In one embodiment, as shown in fig. 2, a method for processing video encoding and decoding is provided, and the method is applied to the computer device in fig. 1 for illustration, and includes the following steps:

s202, extracting a video frame sequence from the sample video, wherein the video frame sequence comprises a key frame and an estimated frame.

Where the sample video is video data for training the machine learning model, the sample video is typically composed of a plurality of video frames, and each video frame contains information about video content, such as color, shape, motion, etc., the sample video may be from various sources, such as video in real life, video generated by simulation, video on the internet, etc.
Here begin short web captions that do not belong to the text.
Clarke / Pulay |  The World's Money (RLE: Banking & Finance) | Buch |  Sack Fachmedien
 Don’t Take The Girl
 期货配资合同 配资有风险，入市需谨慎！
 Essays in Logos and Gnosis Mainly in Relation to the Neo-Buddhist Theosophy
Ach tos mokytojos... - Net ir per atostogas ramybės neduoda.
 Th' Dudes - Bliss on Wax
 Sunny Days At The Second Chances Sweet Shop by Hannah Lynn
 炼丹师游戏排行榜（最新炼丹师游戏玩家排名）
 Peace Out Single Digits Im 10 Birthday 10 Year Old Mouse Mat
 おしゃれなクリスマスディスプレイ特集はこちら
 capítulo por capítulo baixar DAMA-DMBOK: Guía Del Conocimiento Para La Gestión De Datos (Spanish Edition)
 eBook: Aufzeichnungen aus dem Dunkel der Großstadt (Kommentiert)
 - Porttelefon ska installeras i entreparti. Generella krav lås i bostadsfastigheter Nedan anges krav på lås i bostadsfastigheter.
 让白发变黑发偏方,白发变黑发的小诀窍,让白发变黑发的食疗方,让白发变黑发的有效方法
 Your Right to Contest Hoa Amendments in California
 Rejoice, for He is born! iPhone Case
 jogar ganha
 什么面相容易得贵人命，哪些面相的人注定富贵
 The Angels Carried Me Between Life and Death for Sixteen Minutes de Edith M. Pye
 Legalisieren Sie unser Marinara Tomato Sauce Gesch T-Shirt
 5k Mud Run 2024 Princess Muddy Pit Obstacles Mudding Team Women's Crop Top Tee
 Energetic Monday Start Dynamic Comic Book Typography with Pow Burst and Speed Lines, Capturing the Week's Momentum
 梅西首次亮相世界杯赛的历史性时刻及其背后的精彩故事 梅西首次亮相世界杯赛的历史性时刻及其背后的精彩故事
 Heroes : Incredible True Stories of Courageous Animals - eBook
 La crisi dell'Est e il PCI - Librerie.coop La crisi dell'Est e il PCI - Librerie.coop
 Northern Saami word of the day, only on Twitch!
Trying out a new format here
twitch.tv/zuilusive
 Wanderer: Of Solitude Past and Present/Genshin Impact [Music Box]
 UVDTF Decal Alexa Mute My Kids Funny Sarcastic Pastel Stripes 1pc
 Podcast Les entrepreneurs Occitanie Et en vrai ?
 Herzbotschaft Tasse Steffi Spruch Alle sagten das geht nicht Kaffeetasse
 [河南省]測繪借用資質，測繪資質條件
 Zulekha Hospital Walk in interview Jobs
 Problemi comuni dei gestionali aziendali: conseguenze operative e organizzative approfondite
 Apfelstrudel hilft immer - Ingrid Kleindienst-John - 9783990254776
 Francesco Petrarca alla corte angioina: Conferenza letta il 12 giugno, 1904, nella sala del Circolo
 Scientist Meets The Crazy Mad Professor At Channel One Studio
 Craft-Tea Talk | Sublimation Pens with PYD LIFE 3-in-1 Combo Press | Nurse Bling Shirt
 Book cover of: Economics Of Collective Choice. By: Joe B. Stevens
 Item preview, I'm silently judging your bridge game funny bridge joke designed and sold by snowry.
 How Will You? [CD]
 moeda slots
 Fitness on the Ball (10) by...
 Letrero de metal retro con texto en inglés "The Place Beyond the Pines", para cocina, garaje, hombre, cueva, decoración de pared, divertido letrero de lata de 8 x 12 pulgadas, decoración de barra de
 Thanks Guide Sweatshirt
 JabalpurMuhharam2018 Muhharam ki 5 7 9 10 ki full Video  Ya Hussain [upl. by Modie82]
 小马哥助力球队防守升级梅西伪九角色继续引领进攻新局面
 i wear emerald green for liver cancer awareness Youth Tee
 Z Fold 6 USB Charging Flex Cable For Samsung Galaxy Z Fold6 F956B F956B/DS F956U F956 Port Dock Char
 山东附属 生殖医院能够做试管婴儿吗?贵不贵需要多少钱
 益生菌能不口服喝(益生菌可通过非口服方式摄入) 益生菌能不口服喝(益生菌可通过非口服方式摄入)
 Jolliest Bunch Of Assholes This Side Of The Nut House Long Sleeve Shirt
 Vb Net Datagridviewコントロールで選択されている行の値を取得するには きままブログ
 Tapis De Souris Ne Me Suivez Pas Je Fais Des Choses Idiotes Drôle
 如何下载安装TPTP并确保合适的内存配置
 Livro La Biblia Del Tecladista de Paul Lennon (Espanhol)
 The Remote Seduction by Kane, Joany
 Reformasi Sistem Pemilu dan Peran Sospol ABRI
The definition of each video frame of the sample video meets the definition condition, and the definition condition refers to that the definition of the video frame image reaches a certain standard or requirement.

In addition, the scenes in the sample video in the embodiment of the application may be continuous scenes, where the continuous scenes refer to continuous and similar scene contents in the video, for example, shooting contents of multiple cameras in the same room, natural landscapes in a certain period of time, lecture contents of a lecturer, and the like, and the continuous scenes can help to analyze changes of the scene contents, identify transitions of the scenes, extract scene information, and the like, and have important significance for video analysis and application.

It will be appreciated that a sequence of video frames comprises a plurality of consecutive video frames, wherein a key frame refers to a first video frame in the sequence of video frames, an estimated frame refers to other video frames following the first video frame in the sequence of video frames, a sequence of video frames may be referred to as GOP (Group of Pictures, i.e., a group of pictures) key frames may also be referred to as I frames, estimated frames may also be referred to as P frames, in video codec, I frames and P frames are typically encoded in an alternating manner, a GOP may comprise an I frame and a number of P frames, wherein the first P frame is encoded with respect to the I frame, and the following P frame is encoded with respect to the previous frame, which may effectively reduce the video bitrate while guaranteeing the quality and smoothness of the video.

Specifically, after the terminal acquires the sample video, the terminal extracts a video frame sequence from the sample video according to a certain time interval, determines the 1 st frame in the video frame sequence as a key frame, and determines other video frames except the 1 st frame in the video frame sequence as estimated frames.

S204, encoding and decoding the key frames through a pre-training key frame network of the video encoding and decoding model to obtain first encoded frames and corresponding first reconstructed frames.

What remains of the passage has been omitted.